Film Review by Dean Duncan Mar 28, 2015

The new cinema of permissiveness was important in all sorts of ways. There were things that needed portraying, and considering, and American commercial cinema had in many ways done too little of either. For this reason 70s cinema is often extremely rewarding. You feel the truth of certain things, and an exhilaration in the expressing thereof. With all this going on there were inevitably going to be growing pains, especially as one generation—often made up of very permissive individuals in their real-life deportment—sought to speak to and about the next one. So Madigan is an interesting, even an important curio. It’s also in quite a bit of growing pain. That’s most evident in the gender discourse. It’s basically clueless, painful on relationships, on the status and roles of both men and women. It’s also really uncertain about authority and subordination. What are they doing with this Henry Fonda character? There seems to be a critique in there (as in the still utterly shocking way that Sergio Leone used him, the very next year), but someone also appears to be awestruck unto genuflection by the guy who once played Wyatt Earp. Check out that one scene with Widmark. They don’t know what they want to say!

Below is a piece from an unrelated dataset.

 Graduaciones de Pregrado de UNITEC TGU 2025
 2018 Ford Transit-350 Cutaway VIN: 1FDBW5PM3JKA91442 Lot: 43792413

Or they’re trying to say and affirm three contradictory things, simultaneously. It’s a failure in some ways, but this kind of failures still yields lots of insight.

Ping, and pong. Beyond all that contextual stuff, Madigan is still a reasonable combination of police procedural/character exploration. I was happy to be reminded of Sidney Kingsley/William Wyler’s Detective Story. That generic structure is solid, but the execution is finally too messy, with too much straining and shouting. The score is almost hilariously caught between old and new. The final showdown is pretty good. Might be worth your while, all things considered.